## Aim of the task
Extract the lines of the material below, beginning with the first and ending with the line that holds "Nginx index.php configuration directive". Skip every picture.

Provided records START

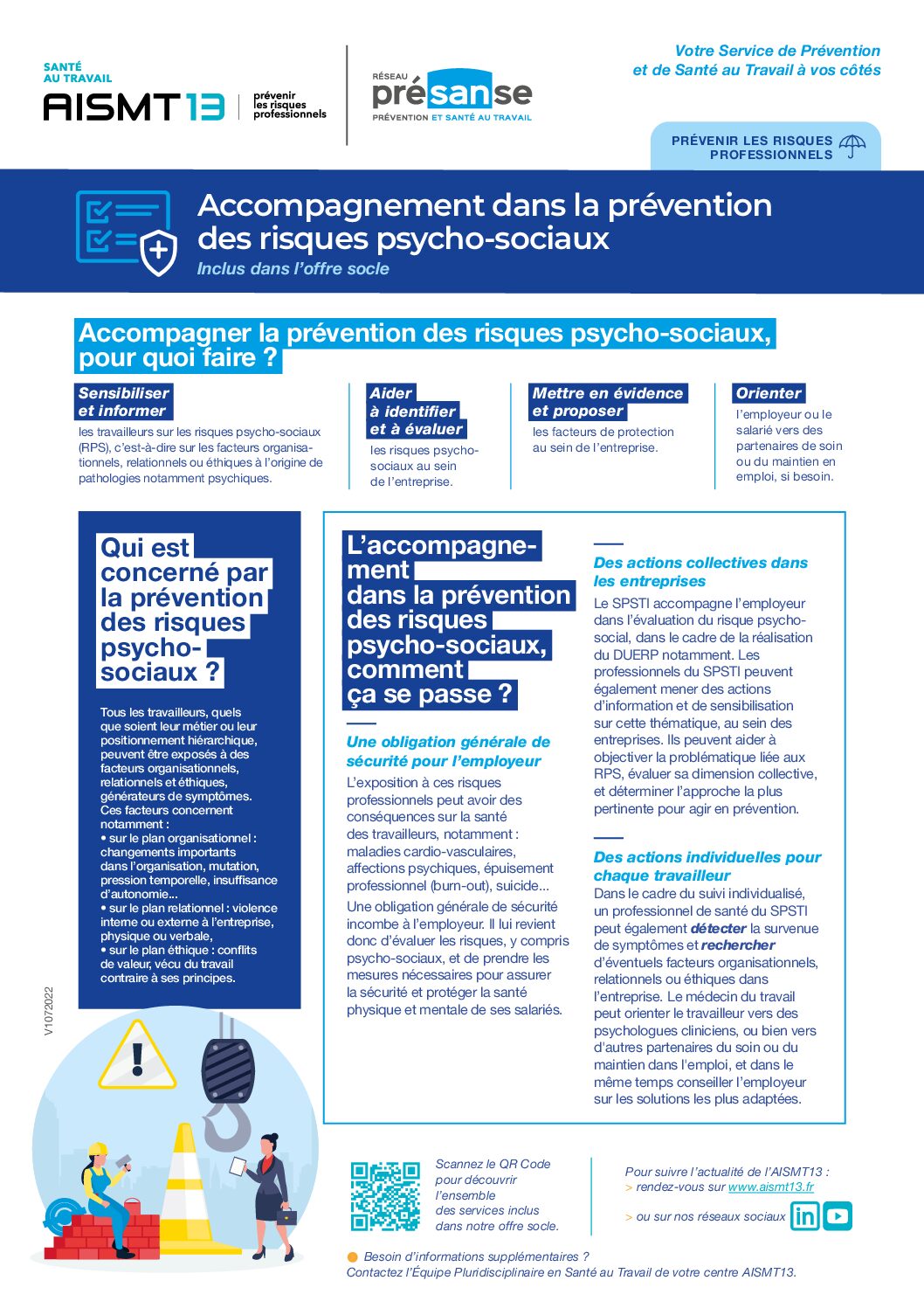 Accompagnement prevention risques psycho-sociaux - Offre socle - Présanse - AISMT13 Accompagnement prevention des risques psychosociaux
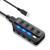 USB 3.0 Hub, 4-Port USB 3.0 Hub Splitter Superspeed Data Transfer with Individual Power Switches and LEDs Compatible with MacBook, Mackbook Air Surface Pro,Notebook PC,USB Flash Drives and More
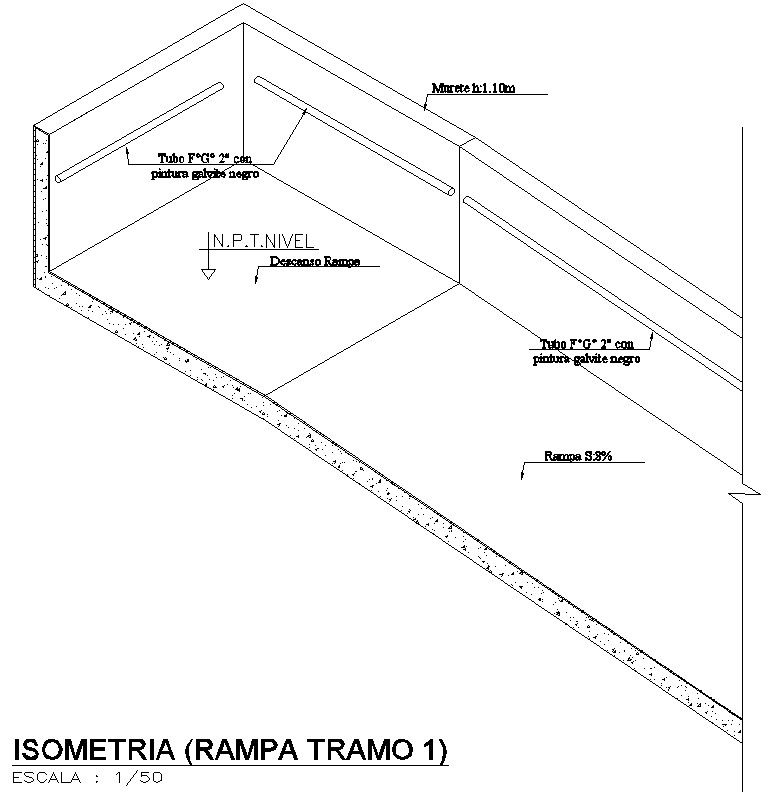 Isometric view of ramp design in detail AutoCAD drawing, CAD file, dwg file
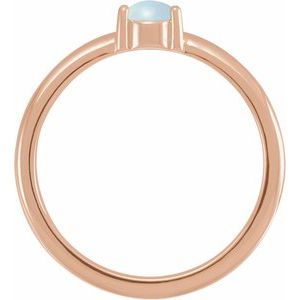14K Rose Natural White Opal Cabochon Ring - BN & CO JEWELRY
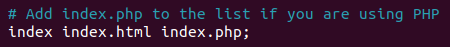Nginx index.php configuration directive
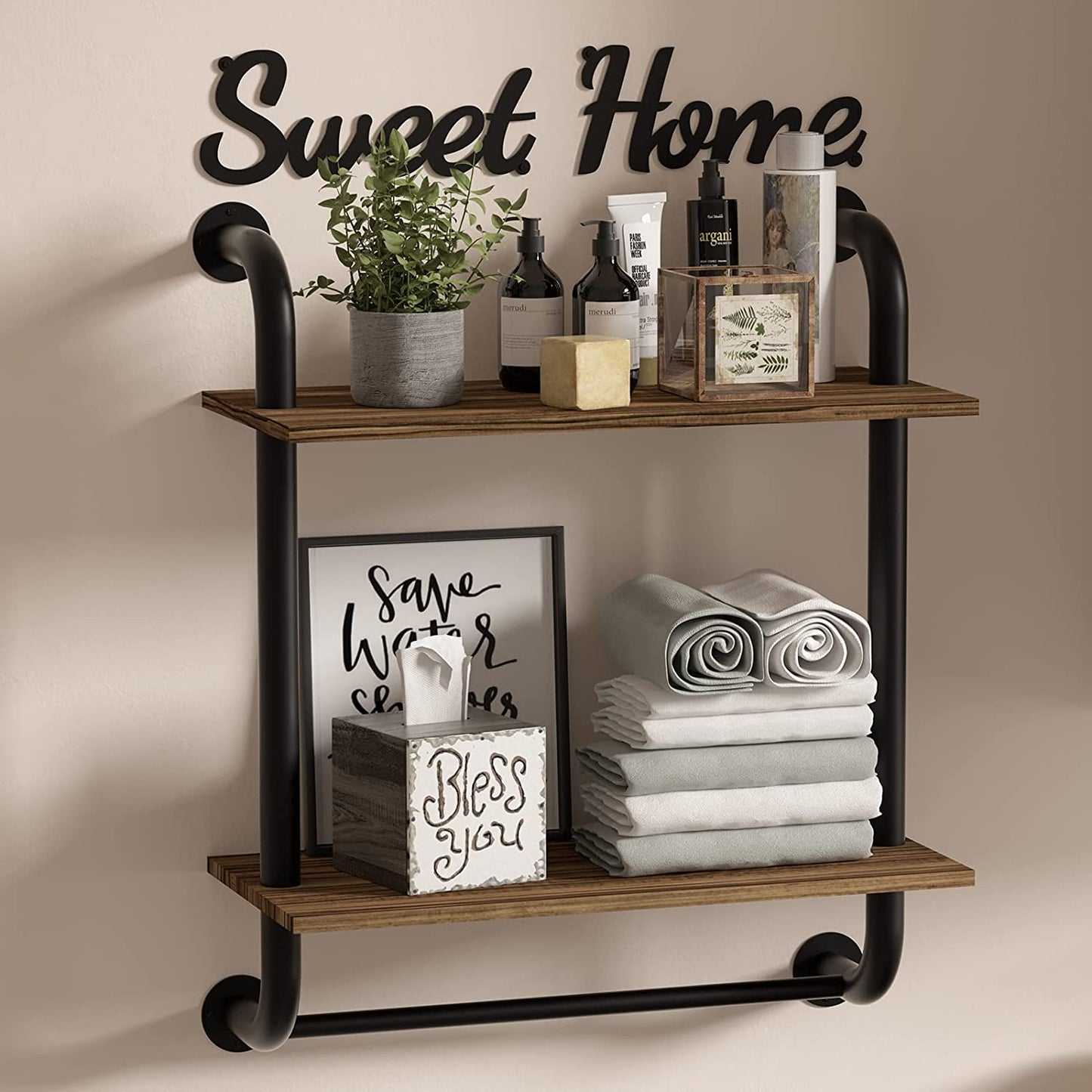 Bathroom Shelves Wall Mounted, Industrial Pipe Shelving 2-Tier, Rustic Farmhouse Shelves for Wall Decor, Floating Bathroom Shelf Over Toilet with Towel Bar for Kitchen, Bedroom, Living Room 17.3 inch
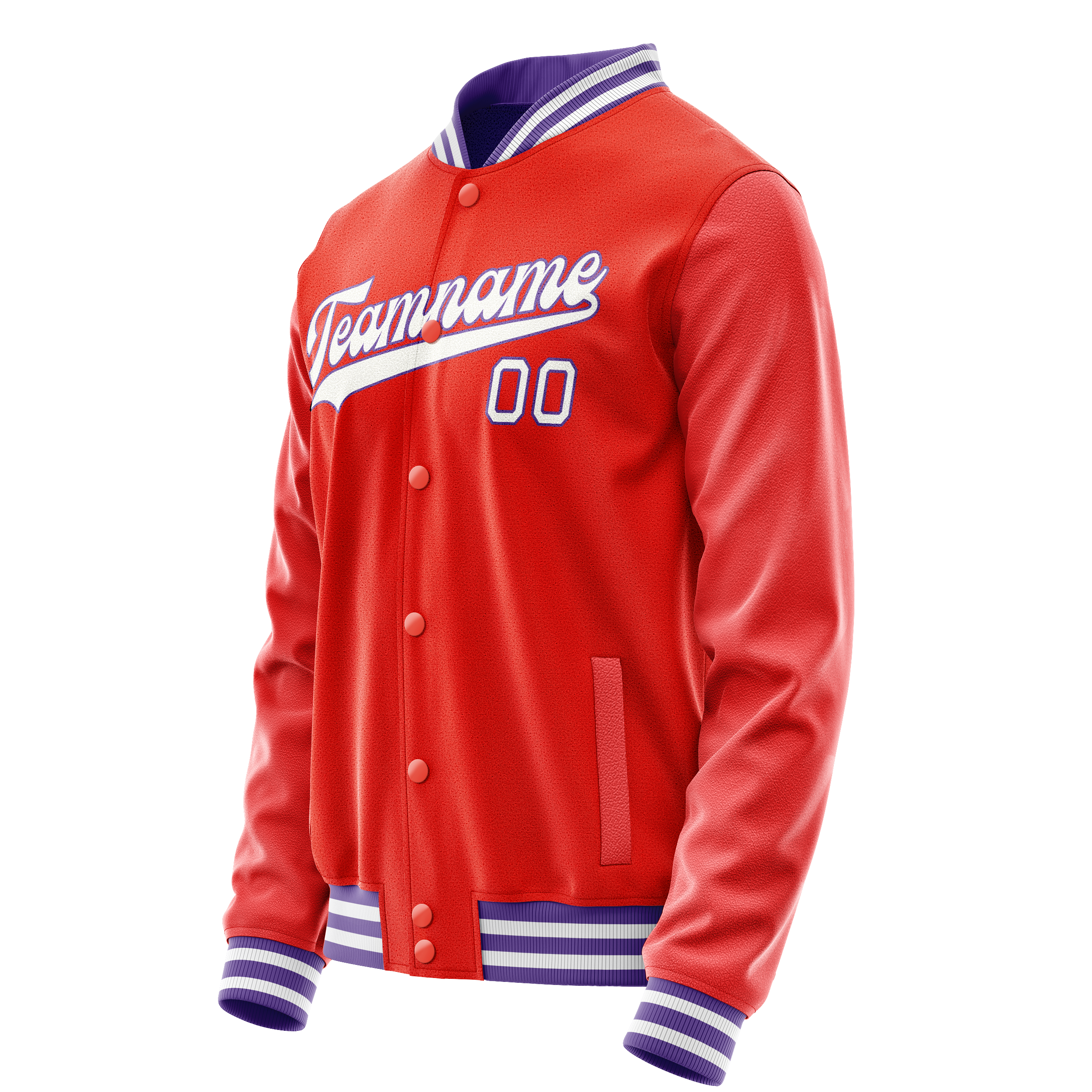 Personalized Orange & White Solid Color Varsity Letterman Jacket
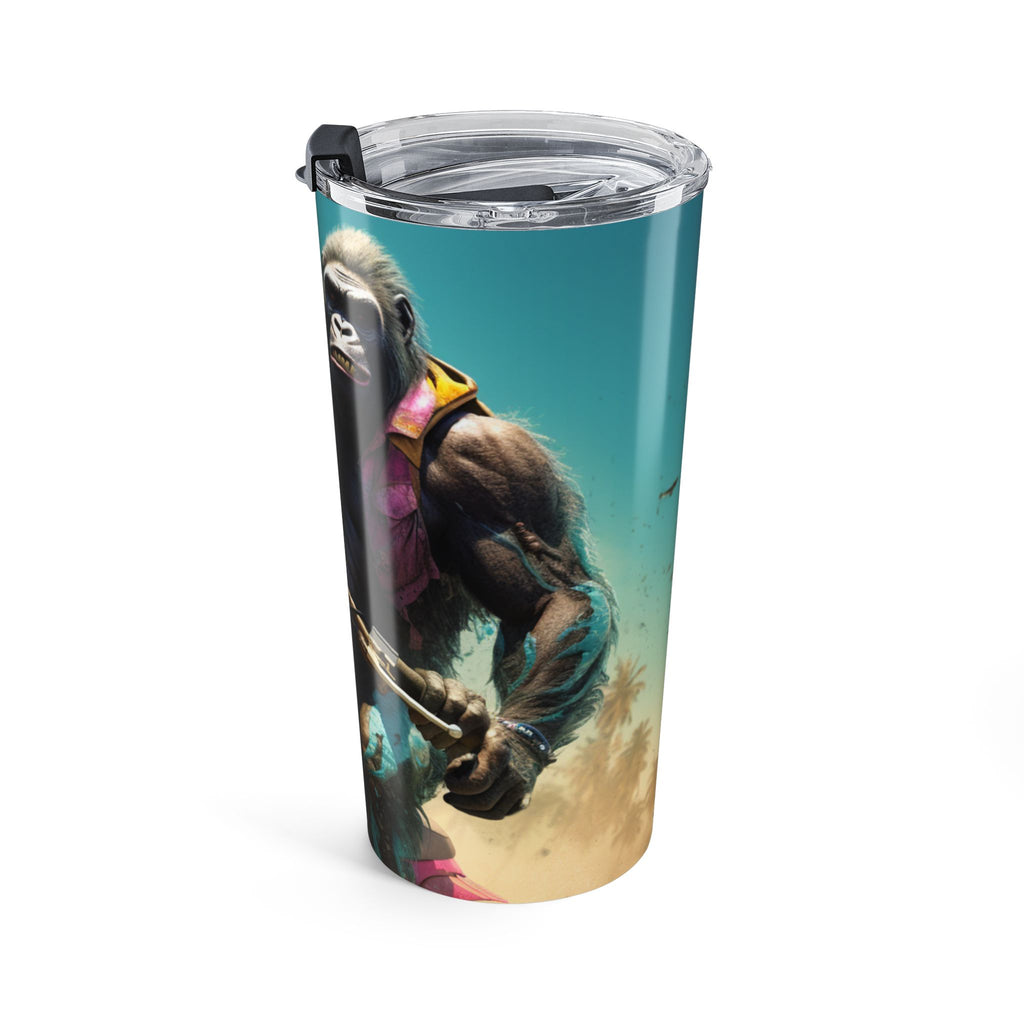 Vibrant Motorcycle Adventure 20oz Tumbler, Travel Mug, Road Trip Coffee Cup, Gift for Bikers, Outdoor Enthusiasts, Beach Lover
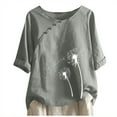 thumbnail image 1 of Ladies Summer Tops - Fashion Dandelion Graphic Printed T Shirt Plus Size Round Neck Short Sleeve Blouses Loose Soft Casual Longline Tee Shirts Women Tops with Buttons Detail, 1 of 6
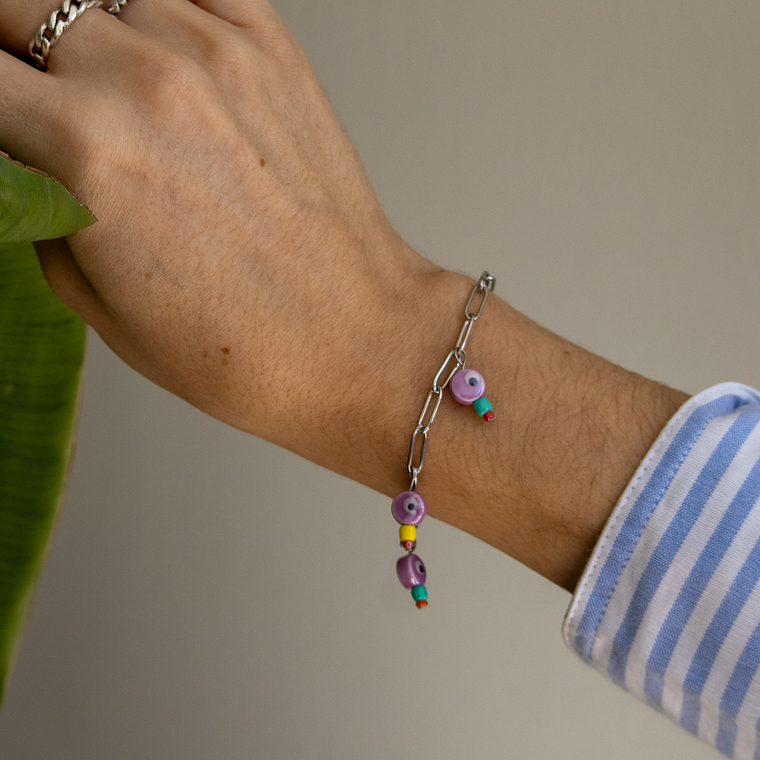 Pulsera Ojitos Lila Silver 2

Provided records END

## Exercise solution
 Accompagnement prevention risques psycho-sociaux - Offre socle - Présanse - AISMT13 Accompagnement prevention des risques psychosociaux
 USB 3.0 Hub, 4-Port USB 3.0 Hub Splitter Superspeed Data Transfer with Individual Power Switches and LEDs Compatible with MacBook, Mackbook Air Surface Pro,Notebook PC,USB Flash Drives and More
 Isometric view of ramp design in detail AutoCAD drawing, CAD file, dwg file
14K Rose Natural White Opal Cabochon Ring - BN & CO JEWELRY
Nginx index.php configuration directive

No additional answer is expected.